PROBLEM TO SOLVE - For this exercise, write out the full listing that follows exactly and skip its pictures.

DATASET SECTION -
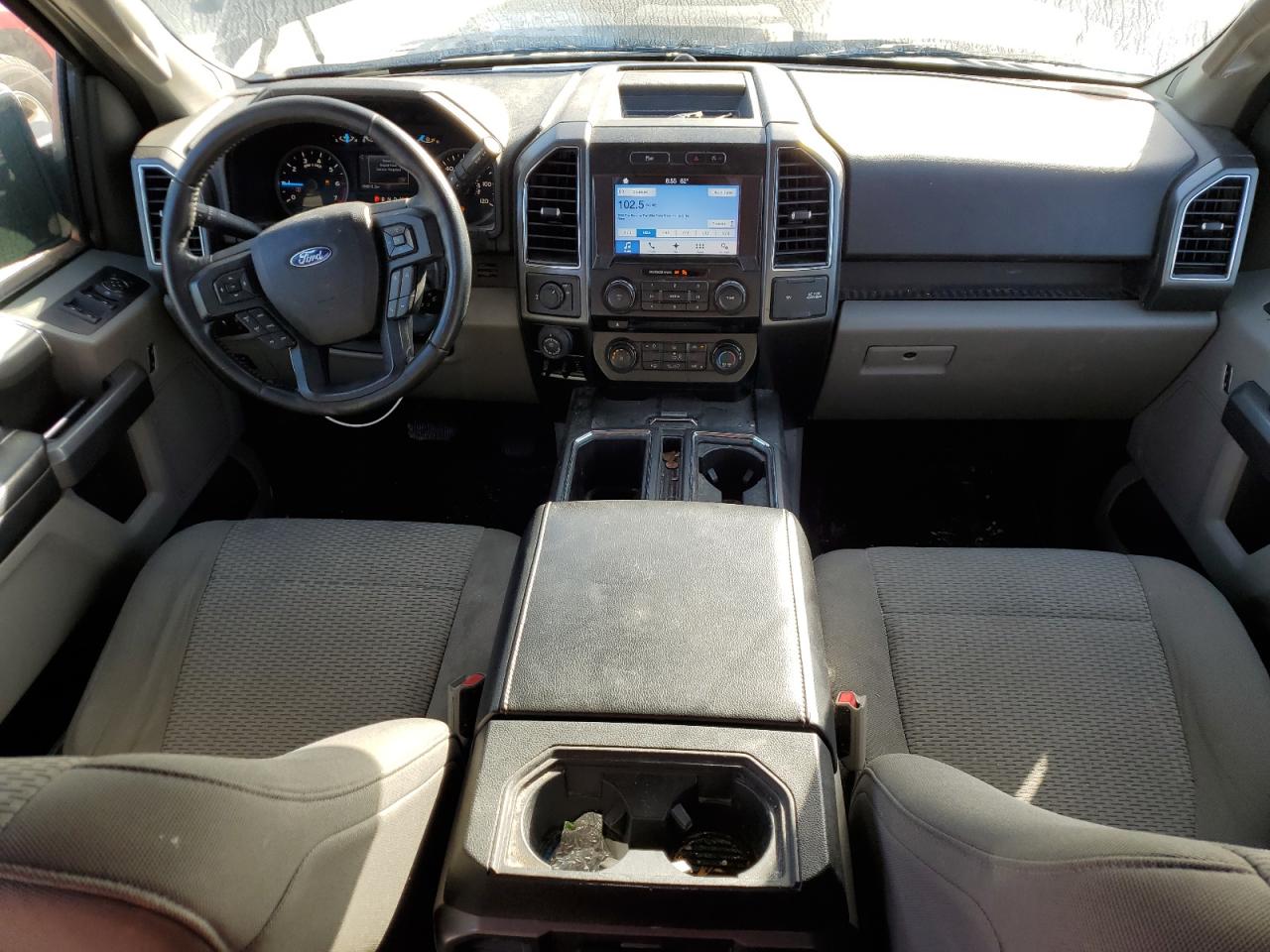 2017 Ford F150 Supercrew VIN: 1FTEW1CG4HFA51254 Lot: 77274934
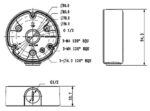 Dahua PFA135 montagebox voor buitentoepassing - Afbeelding 3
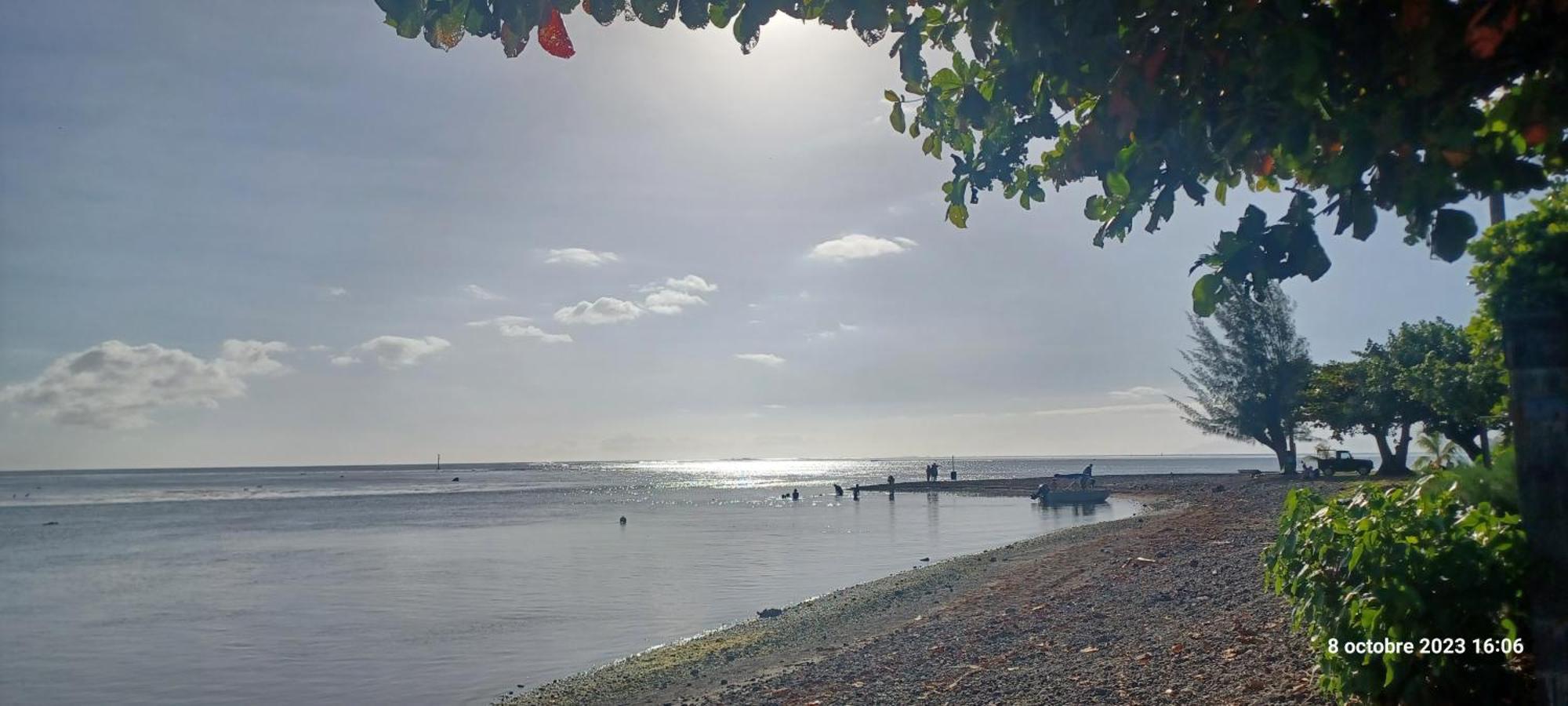 Hava'E Lodge Teahupoo Exteriér fotografie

ANSWER FOR THE TASK -
 2017 Ford F150 Supercrew VIN: 1FTEW1CG4HFA51254 Lot: 77274934
 Dahua PFA135 montagebox voor buitentoepassing - Afbeelding 3
 Hava'E Lodge Teahupoo Exteriér fotografie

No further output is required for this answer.